Best results in major championships
- Masters Tournament: DNP
- PGA Championship: DNP
- U.S. Open: DNP
- The Open Championship: 13th: 1961

= Tony Coop =

English golfer (1934–2021)

Antony B. Coop (25 May 1934 – 12 August 2021) was an English professional golfer who won the 1965 Rediffusion Tournament. He played in the Open Championship 11 times, finishing 13th in 1961.

==Professional career==
Coop was an assistant professional at Hesketh Golf Club before becoming the professional at Dean Wood Golf Club in Up Holland in about 1954. He retired in 1999, after 45 years at the club.
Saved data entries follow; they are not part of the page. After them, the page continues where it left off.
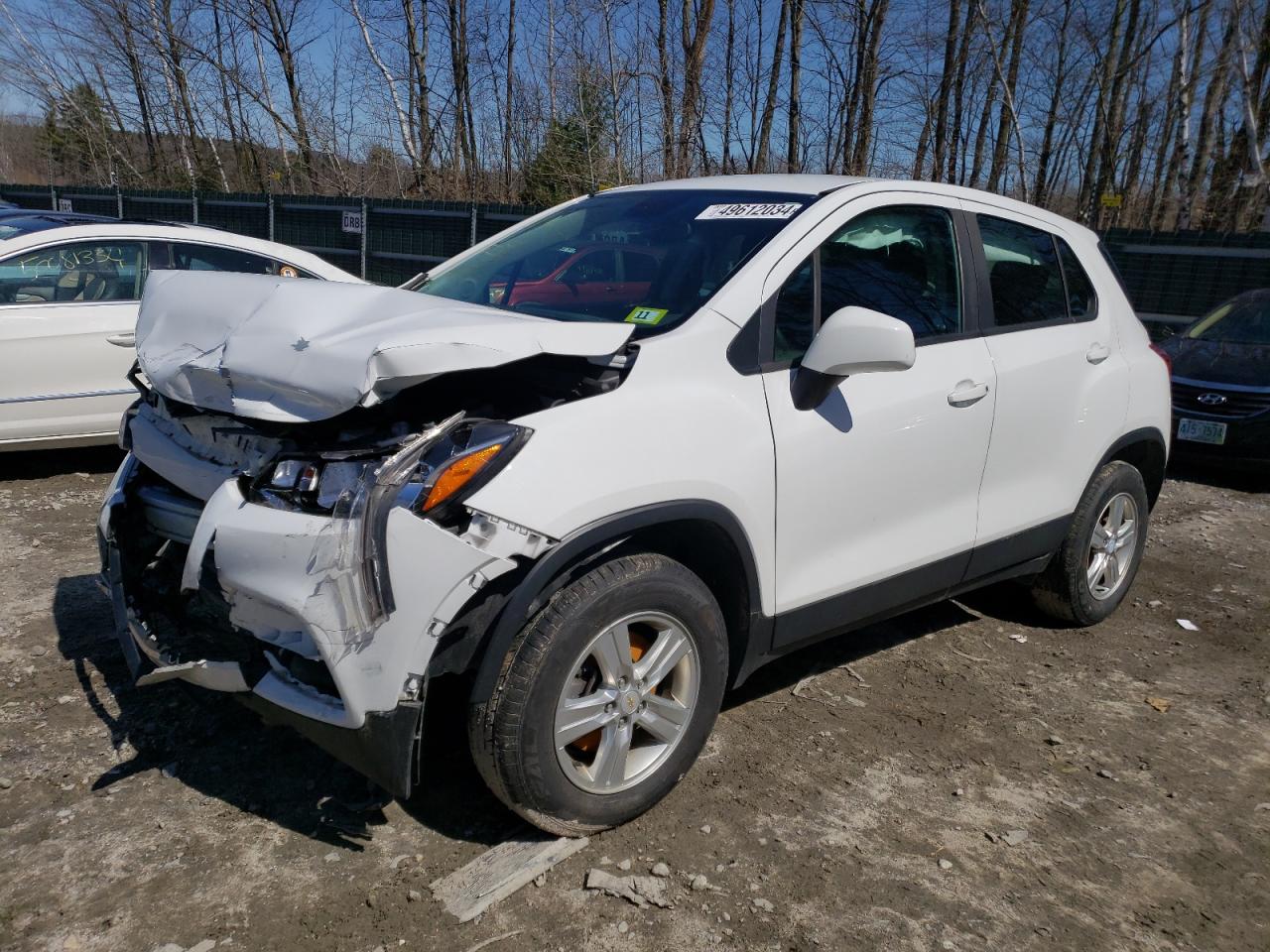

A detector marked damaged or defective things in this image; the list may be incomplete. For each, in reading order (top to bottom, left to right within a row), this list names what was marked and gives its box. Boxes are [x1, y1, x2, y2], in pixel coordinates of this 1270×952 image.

torn metal panel [136, 270, 632, 423]
crumpled hood [135, 270, 635, 423]
dented hood panel [139, 269, 635, 420]
damaged white suv [96, 178, 1168, 832]
broken front bumper [93, 451, 518, 796]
In September 1965, Coop won the Rediffusion Tournament at La Moye Golf Club in Jersey. Coop and Guy Wolstenholme were joint leaders entering the final round. In the final round, Denis Hutchinson came home with a 32 to record a 65 and overtake Peter Thomson, who also had a final round 65, for the clubhouse lead. Coop then birdied the final hole to beat Hutchinson by a shot. Bill Large needed a birdie at the last hole to tie with Coop but could only manage a par, to tie with Hutchinson. Coop won the first prize of £500. The previous week, he had finished tied for 5th place in the Dunlop Masters at Portmarnock despite a last round 75. He finished six strokes behind Bernard Hunt who won the £1,500 first prize. The following month, Coop was tied for 4th in the Piccadilly Medal, played on the East course at Wentworth. The next week, Coop was runner-up in the Gleneagles Hotel Foursomes Tournament, a pro-am tournament played at the Gleneagles Hotel. Playing with Ben Crabtree, they lost the final to Brian Huggett and Michael Burgess.
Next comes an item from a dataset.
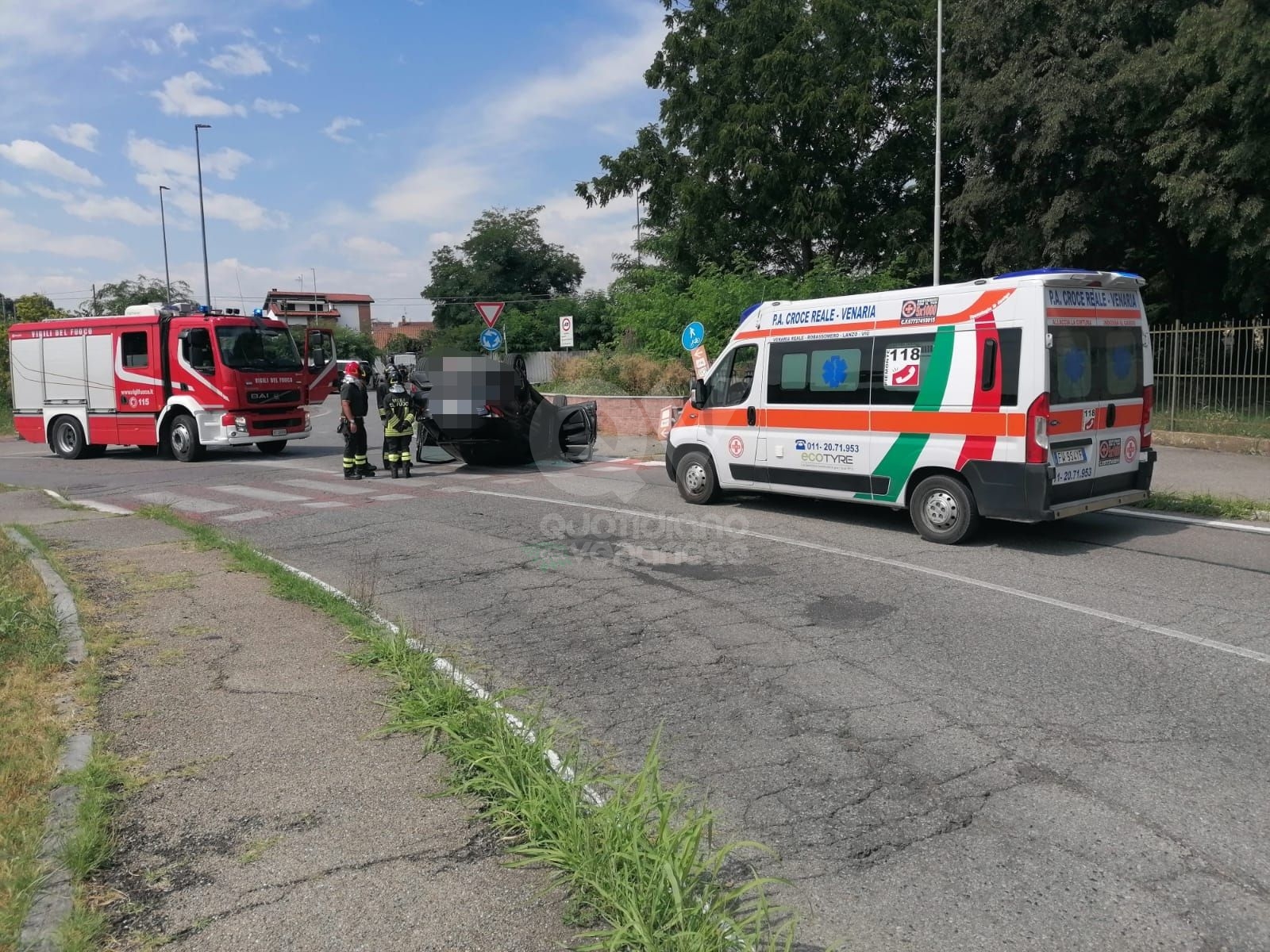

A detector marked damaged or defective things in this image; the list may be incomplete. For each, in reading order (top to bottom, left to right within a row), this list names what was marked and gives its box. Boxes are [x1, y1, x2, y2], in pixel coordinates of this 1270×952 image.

overturned black car [410, 354, 603, 463]
cracked asphalt [2, 432, 1270, 952]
Coop was a regular competitor in the Open Championship, playing in 11 championships between 1955 and 1968. His best finish was 13th place in 1961. The final 36 holes were delayed by a day because of rain. Coop had rounds of 73 and 74 to finish 13 strokes behind Arnold Palmer. In 1958, he was tied for 7th place at the start of the final day but two rounds of 75 dropped him down into a tie for 20th. In 1964, he was tied for 8th at the start of the final day but two rounds of 76 left him in a tie for 24th place.

==Personal life==
Coop died on 12 August 2021, at the age of 87. He was married with three children. His son Andrew also became a professional golfer.

==Tournament wins==
- 1958 Northern Professional Championship
- 1965 Rediffusion Tournament, Leeds Cup

==Results in major championships==

| Tournament | 1955 | 1956 | 1957 | 1958 | 1959 | 1960 | 1961 | 1962 | 1963 | 1964 | 1965 | 1966 | 1967 | 1968 |
|---|---|---|---|---|---|---|---|---|---|---|---|---|---|---|
| The Open Championship | CUT |  | CUT | T20 |  | 42 | 13 | 22 |  | T24 | T31 | 58 | CUT | CUT |

Note: Coop only played in The Open Championship.